### Your assignment
Without copying the images, write out all the entries below verbatim.

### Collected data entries
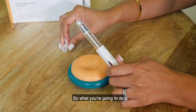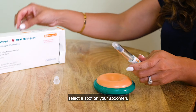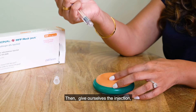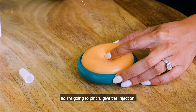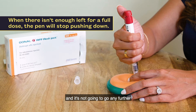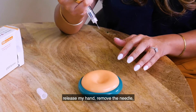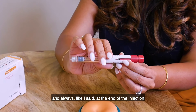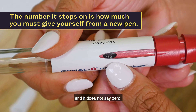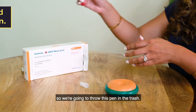So what you're going to do is go ahead and dial your dose, select a spot on your abdomen, and clean off with alcohol. Give yourself the injection — pinch, give the injection, and as you're going down eventually it's going to stop and it's not going to go any further no matter how much you push. Release your hand, remove the needle, and always at the end of the injection make sure you look at the dial. You'll notice that the dial has a number in it and it does not say zero — so if this happens, remove the needle. This pen is finished, so we're going to throw this pen in the trash.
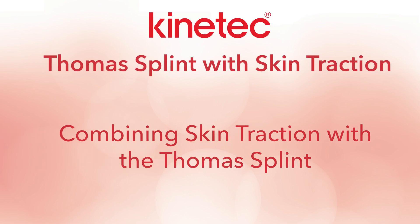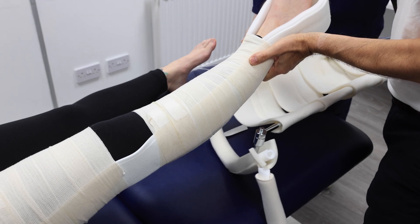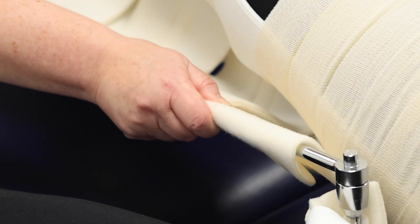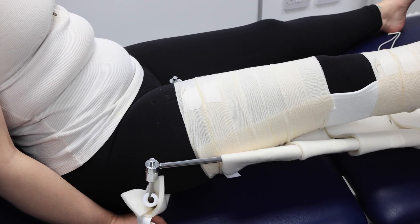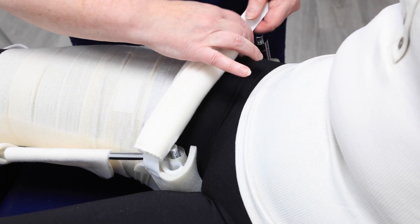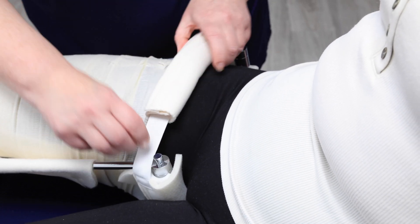Combining skin traction with the Thomas splint requires two people. As one clinician slides the splint into place, the other holds the slings to keep them from shifting. Once positioned, clip the hoop cover and slide the foam padding over the buckle to prevent pressure damage.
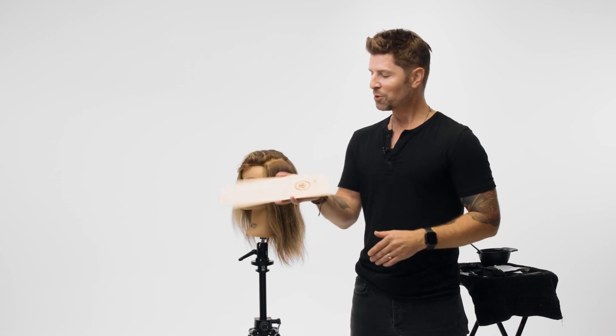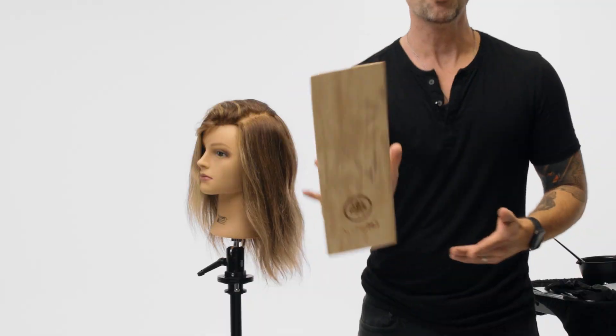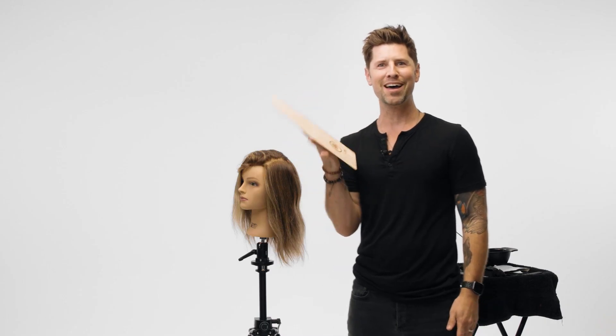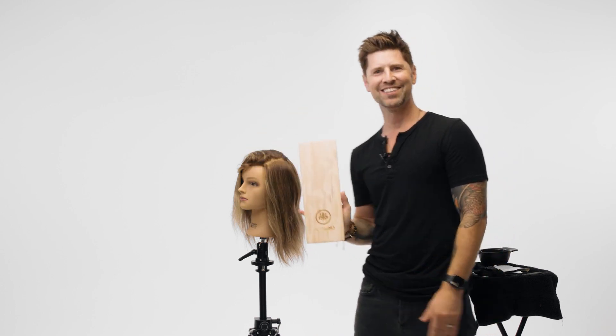This next hair hack is awesome and it's super simple too. We need to hold on to these boards — we're actually using a board to paint hair. But whoa, what's going on? There's a pop socket on the back, so it's never gonna go anywhere. Cool, huh?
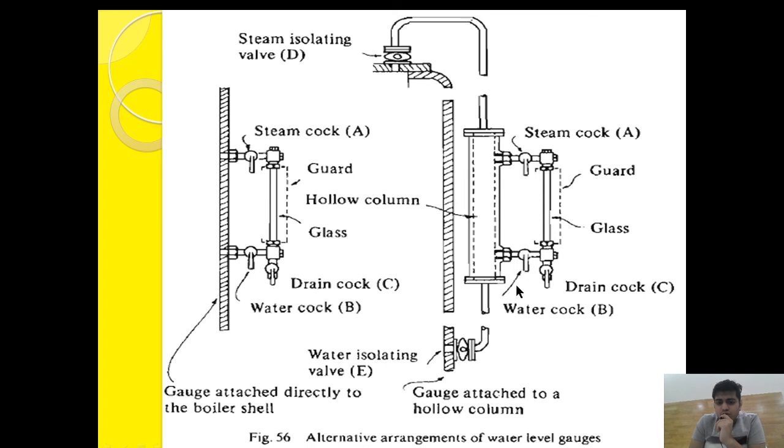Close everything again. Then close the drain cock, open the water isolating valve, open the steam isolating valve, open the water cock, and then open the steam cock to bring the whole thing back to normal level. It is called cross blowdown because to check the steam cock A and water isolating valve E we open E and A, and to check the water cock B and steam isolating valve D we open D and B — hence the cross method.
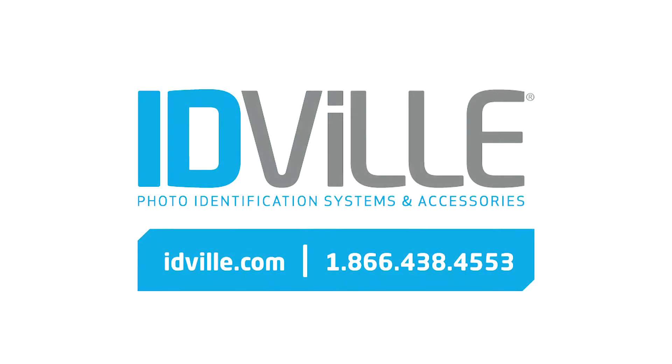Want to learn more or receive free card samples? Request information at IDVille.com/guide or call an IDVille specialist today.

### Task answer
So what you're going to do is go ahead and dial your dose, select a spot on your abdomen, and clean off with alcohol. Give yourself the injection — pinch, give the injection, and as you're going down eventually it's going to stop and it's not going to go any further no matter how much you push. Release your hand, remove the needle, and always at the end of the injection make sure you look at the dial. You'll notice that the dial has a number in it and it does not say zero — so if this happens, remove the needle. This pen is finished, so we're going to throw this pen in the trash.
Combining skin traction with the Thomas splint requires two people. As one clinician slides the splint into place, the other holds the slings to keep them from shifting. Once positioned, clip the hoop cover and slide the foam padding over the buckle to prevent pressure damage.
This next hair hack is awesome and it's super simple too. We need to hold on to these boards — we're actually using a board to paint hair. But whoa, what's going on? There's a pop socket on the back, so it's never gonna go anywhere. Cool, huh?
Close everything again. Then close the drain cock, open the water isolating valve, open the steam isolating valve, open the water cock, and then open the steam cock to bring the whole thing back to normal level. It is called cross blowdown because to check the steam cock A and water isolating valve E we open E and A, and to check the water cock B and steam isolating valve D we open D and B — hence the cross method.
Want to learn more or receive free card samples? Request information at IDVille.com/guide or call an IDVille specialist today.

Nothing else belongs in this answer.